Well this is my first post and I have lurked here for some time. I have been admiring everyones work for about a year.  So, I have decided to come to the subject matter experts and ask my questions. I have been asked to make a Jr. Emperor FP with a broad Nib. Being a newbie to FP I was asked for the pen in a Broad nib and wanted to know the best way of making this pen? Buying an Extra Nib and tuen a new sleeve from CSUSA or buy a nib from DCbluesman and change the stock medium nib I believe it comes with. Any advice will be appreciated.

Chris[?]


----------



## Texatdurango (Apr 26, 2008)

Welcome aboard.......

For starters, turning and assembling a roller ball and fountain pen kit are identical other than the final screw on nib sections.  I mention this because a common comment is "I've never tried a fountain pen", as if they are a lot harder or different.

I would do exactly as you are thinking and order a SF broad nib from Lou and replace the kit medium nib.  Lou's nib will fit nicely into the front section of the kit so it's a simple 15 second task of pulling one nib out and putting the new one in.


----------



## jskeen (Apr 26, 2008)

I would go one step farther than just ordering the nib from Lou and replacing it.  That leaves you with a spare nib that is pretty much useless.  If you order a section and nib combo from Lou for a couple of bucks more, you can then either use the new steelflex nib in the factory section, or just swap sections.  Either way, you then have the option to use the spare section/nib with any baron/jr series rollerball pen, and sell it as a "convertable" fountain pen/rollerball pen.  Or you can just keep it and when somebody eventually says to you " I love this baron rollerball, too bad you don't have it in a fountain pen", you can save a sale.


----------



## ChrisZ (Apr 27, 2008)

Thanks guys for all the info. I will be in contact with Lou and order some parts.


----------



## gerryr (Apr 29, 2008)

> _Originally posted by jskeen_
> 
> That leaves you with a spare nib that is pretty much useless.

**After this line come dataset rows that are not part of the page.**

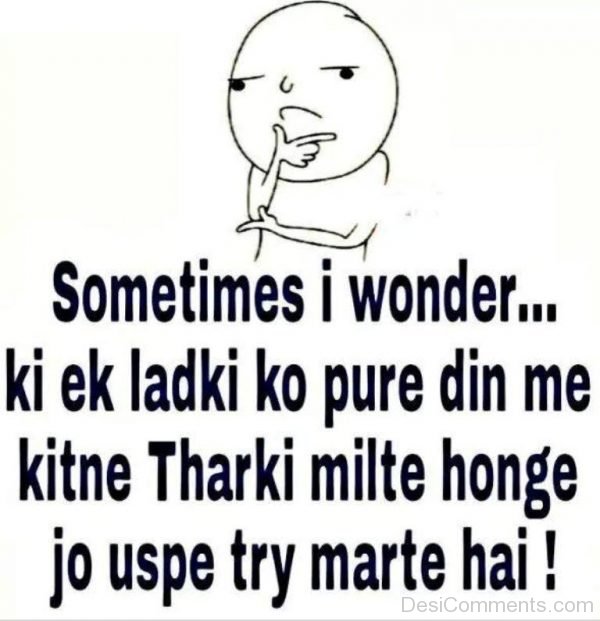 Sometimes I Wonder Ki Ek Ladki Ko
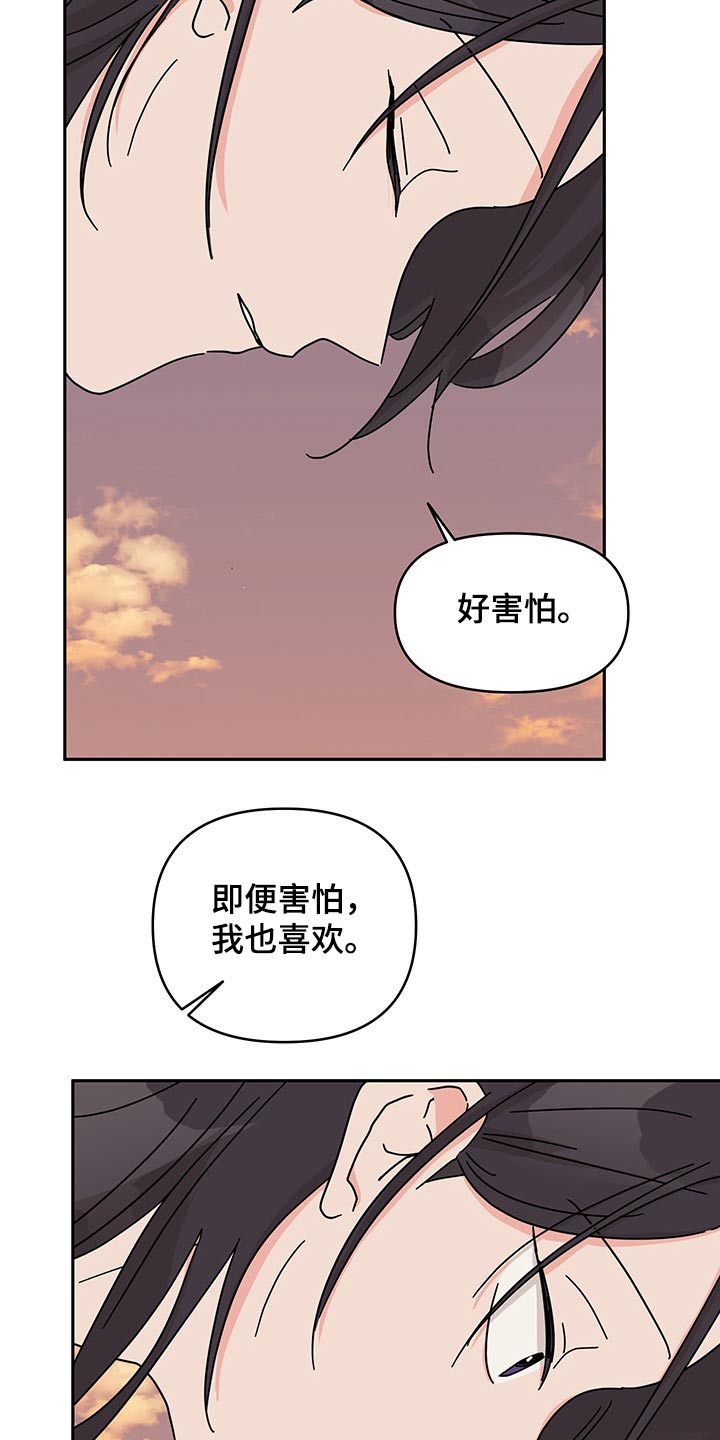 第53章：更加喜欢8
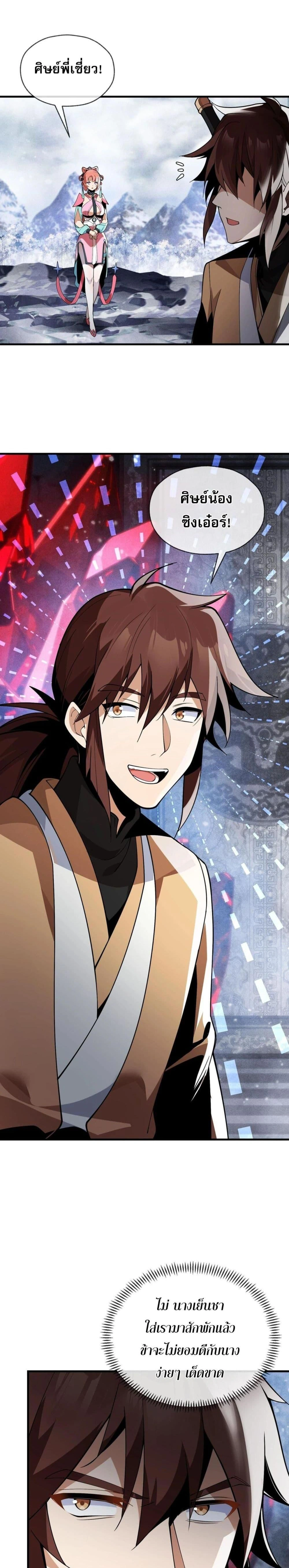 หน้าที่ 7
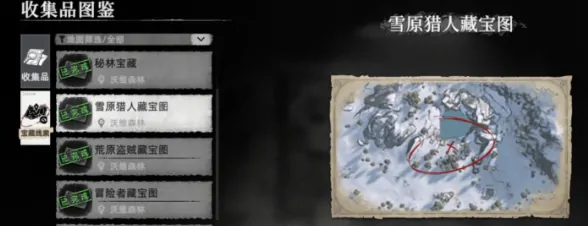 荒原曙光宝藏地点在哪,荒原曙光宝藏地点位置一览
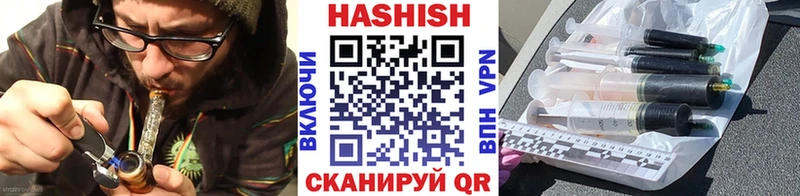 купить наркоту  Поворино  ГАШИШ ice o lator 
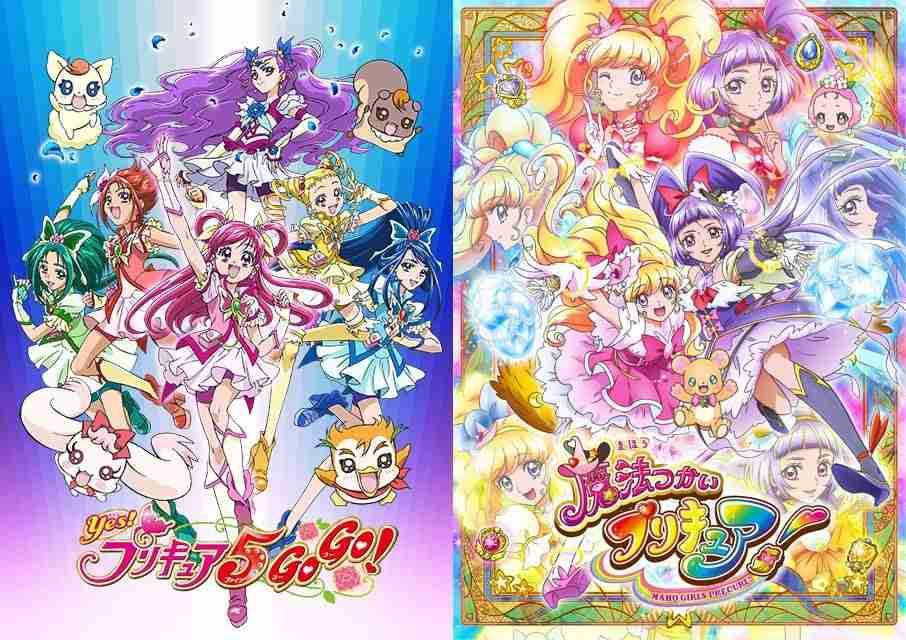 プリキュア:第23弾は「名探偵プリキュア!」 そのナゾ!キュアット解決! ロゴ公開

They aren't useless at all.  I use them to practice grinding nibs to different shapes.  It beats practicing on a nib you paid $10 for.


----------



## IPD_Mrs (Apr 29, 2008)

Make jewelry out of them.  Right Lou!  [}][:0]


----------



## DCBluesman (Apr 29, 2008)

Uh...well...uh...I suppose you could make Nip rings. [8D]  (Or ear rings, if you are so inclined.)


----------



## gerryr (Apr 29, 2008)

I saw some nib earrings in somebody's catalog or maybe it was Pen World or Stylus.


----------